DATA TO PROCESS =
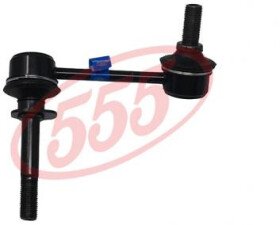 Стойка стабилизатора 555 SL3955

==

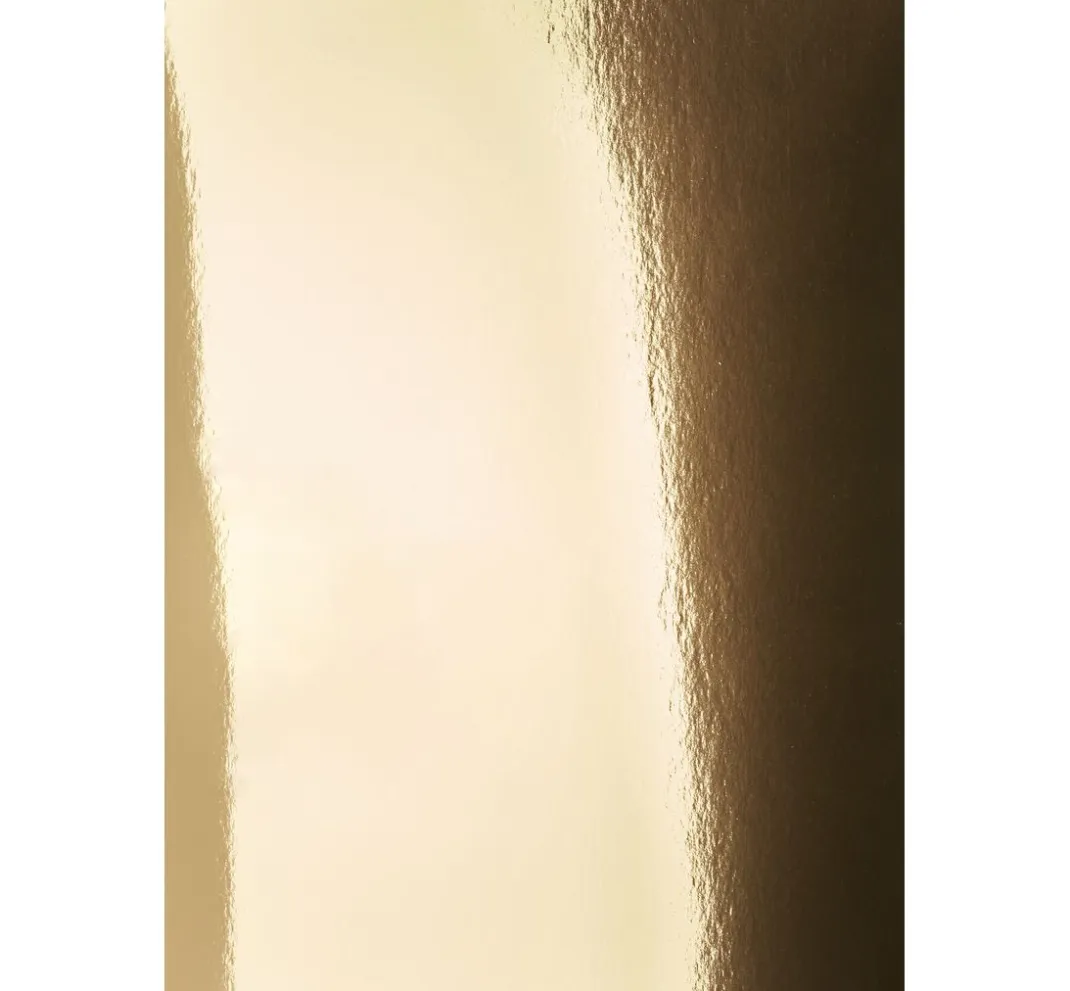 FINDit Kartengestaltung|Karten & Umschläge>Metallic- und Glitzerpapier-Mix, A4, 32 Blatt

---

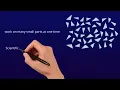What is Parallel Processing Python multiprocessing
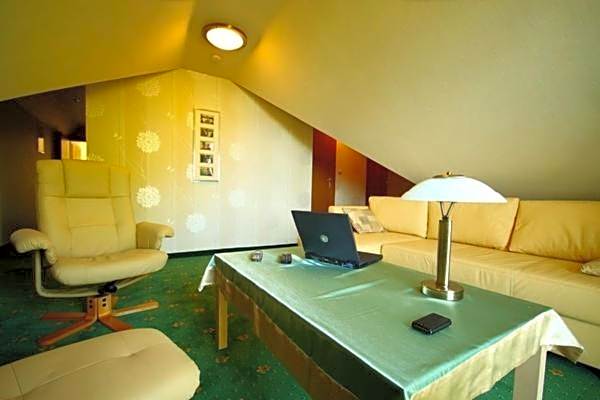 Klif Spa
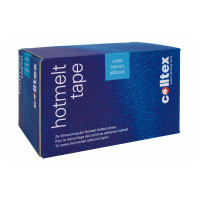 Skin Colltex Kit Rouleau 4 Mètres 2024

TASK DESCRIPTION = Copy everything above from the line holding "What is Parallel" down to the line holding "Skin Colltex Kit Rouleau 4 Mètres 2024", both ends included, exactly as it stands and without the pictures.

EXERCISE SOLUTION =
What is Parallel Processing Python multiprocessing
 Klif Spa
 Skin Colltex Kit Rouleau 4 Mètres 2024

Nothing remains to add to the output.